Your goal:
Leave out every picture, and output exactly the lines from the line containing "Hello everybody, this" through the last line of the data.
━━━━━━━━
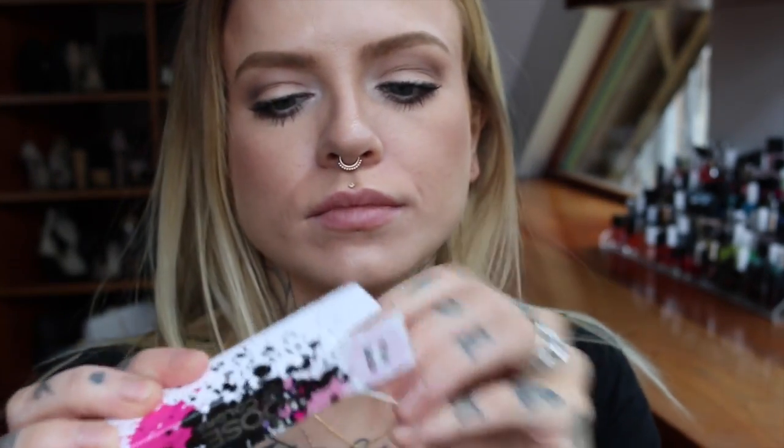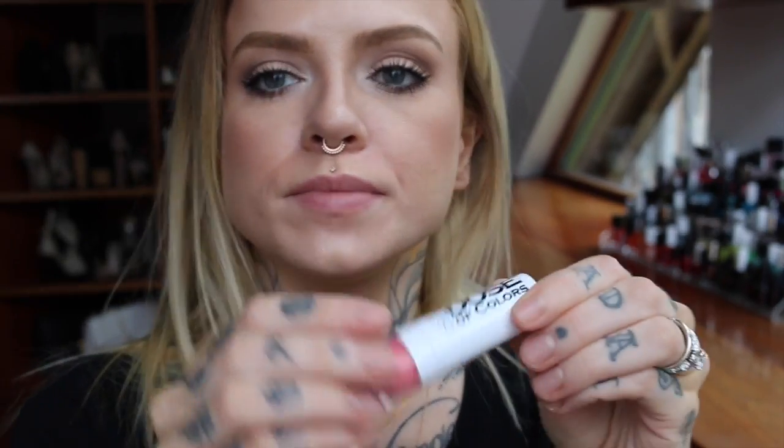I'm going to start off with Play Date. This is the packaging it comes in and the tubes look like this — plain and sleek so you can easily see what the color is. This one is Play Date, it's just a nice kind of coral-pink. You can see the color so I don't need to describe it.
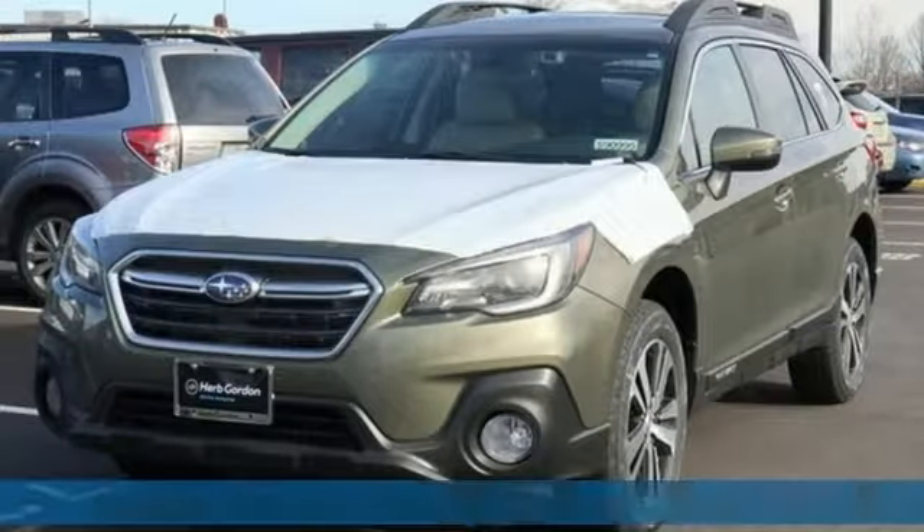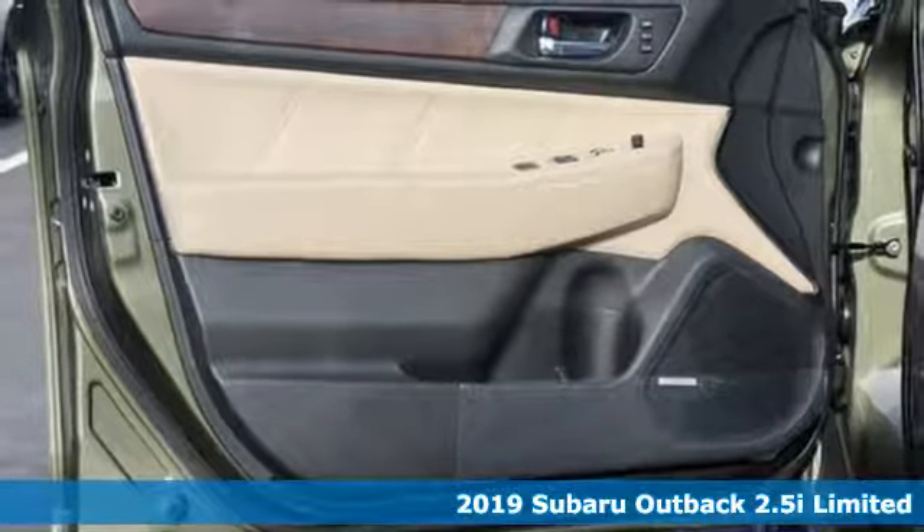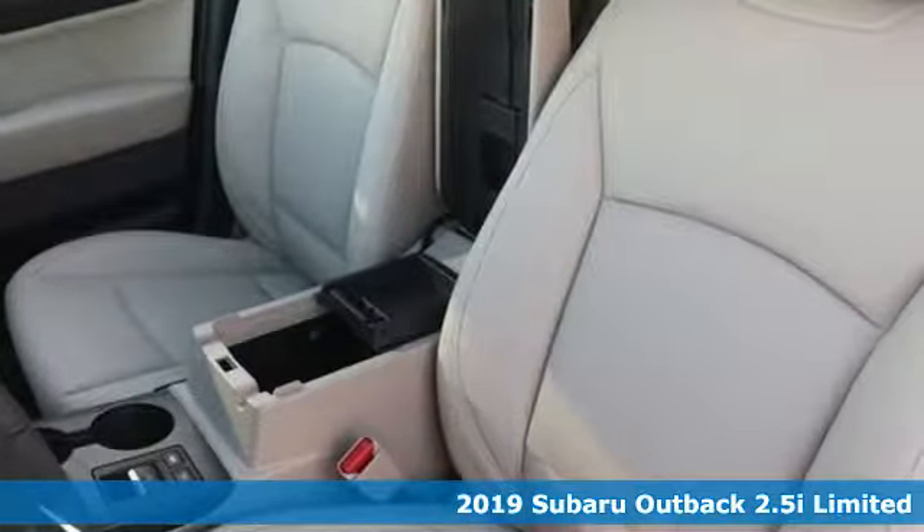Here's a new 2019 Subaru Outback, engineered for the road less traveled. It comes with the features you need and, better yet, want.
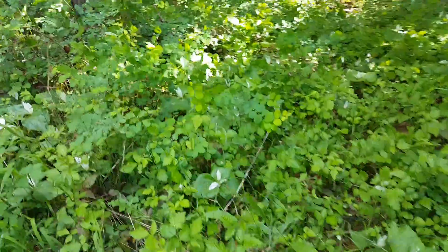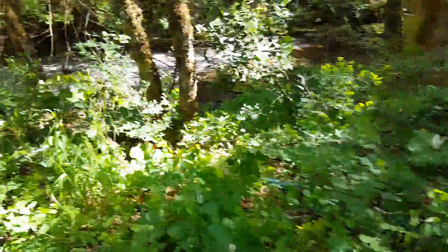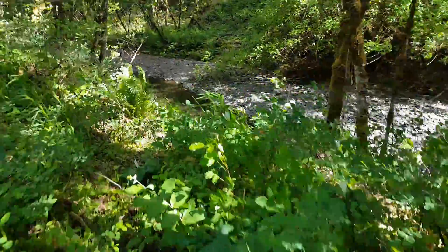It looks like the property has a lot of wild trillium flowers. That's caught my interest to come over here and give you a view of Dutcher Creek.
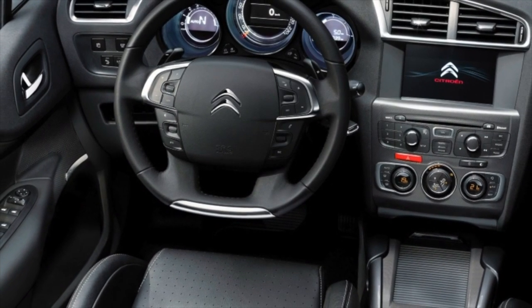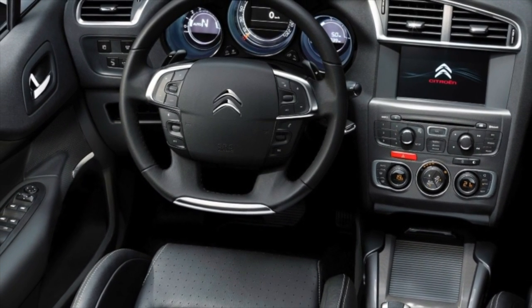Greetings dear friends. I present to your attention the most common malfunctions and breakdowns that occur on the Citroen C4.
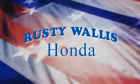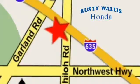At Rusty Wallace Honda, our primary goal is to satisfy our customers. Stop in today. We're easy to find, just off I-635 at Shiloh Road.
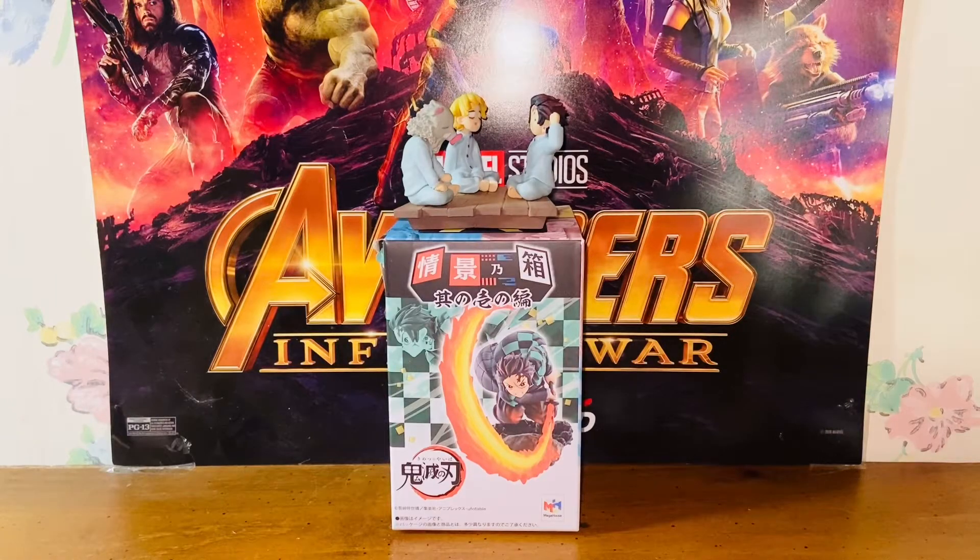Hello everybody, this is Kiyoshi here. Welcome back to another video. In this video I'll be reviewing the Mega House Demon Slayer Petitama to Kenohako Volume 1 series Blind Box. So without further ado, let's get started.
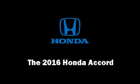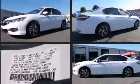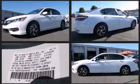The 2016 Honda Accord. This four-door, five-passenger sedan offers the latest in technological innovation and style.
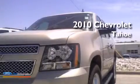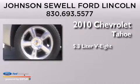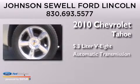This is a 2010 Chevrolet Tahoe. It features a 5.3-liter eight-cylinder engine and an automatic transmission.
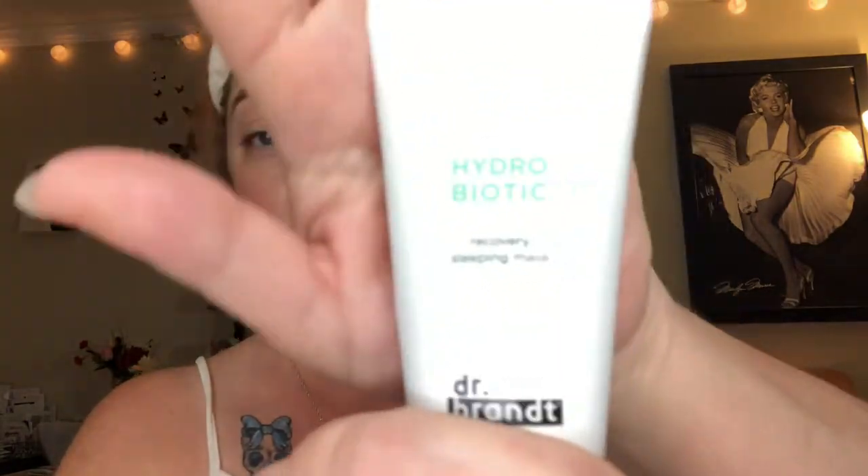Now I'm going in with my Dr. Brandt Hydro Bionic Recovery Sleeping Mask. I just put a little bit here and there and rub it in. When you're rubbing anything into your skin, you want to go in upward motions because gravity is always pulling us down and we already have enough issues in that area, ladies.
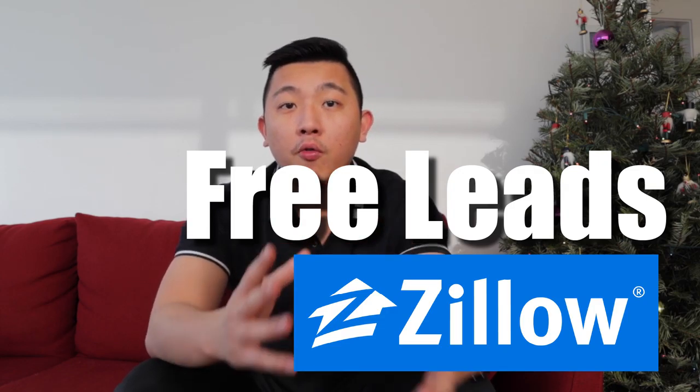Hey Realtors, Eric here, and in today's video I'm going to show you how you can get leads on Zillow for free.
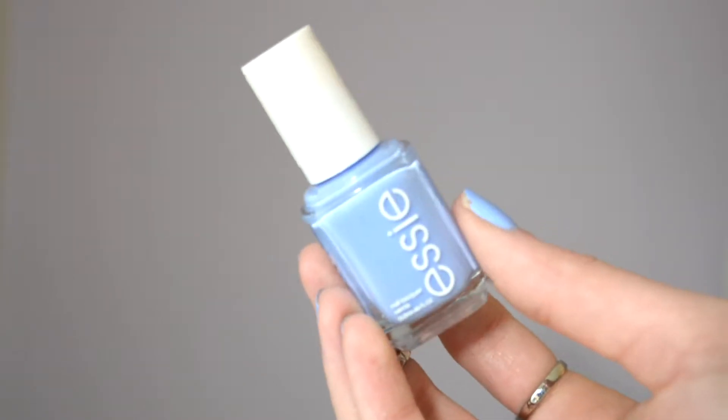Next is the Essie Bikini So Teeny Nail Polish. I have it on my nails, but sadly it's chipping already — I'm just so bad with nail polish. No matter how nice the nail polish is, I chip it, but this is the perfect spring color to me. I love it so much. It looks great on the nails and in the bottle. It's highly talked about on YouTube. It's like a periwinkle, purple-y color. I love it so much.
━━━━━━━━
Your response:
Hello everybody, this is Kiyoshi here. Welcome back to another video. In this video I'll be reviewing the Mega House Demon Slayer Petitama to Kenohako Volume 1 series Blind Box. So without further ado, let's get started.
The 2016 Honda Accord. This four-door, five-passenger sedan offers the latest in technological innovation and style.
This is a 2010 Chevrolet Tahoe. It features a 5.3-liter eight-cylinder engine and an automatic transmission.
Now I'm going in with my Dr. Brandt Hydro Bionic Recovery Sleeping Mask. I just put a little bit here and there and rub it in. When you're rubbing anything into your skin, you want to go in upward motions because gravity is always pulling us down and we already have enough issues in that area, ladies.
Hey Realtors, Eric here, and in today's video I'm going to show you how you can get leads on Zillow for free.
Next is the Essie Bikini So Teeny Nail Polish. I have it on my nails, but sadly it's chipping already — I'm just so bad with nail polish. No matter how nice the nail polish is, I chip it, but this is the perfect spring color to me. I love it so much. It looks great on the nails and in the bottle. It's highly talked about on YouTube. It's like a periwinkle, purple-y color. I love it so much.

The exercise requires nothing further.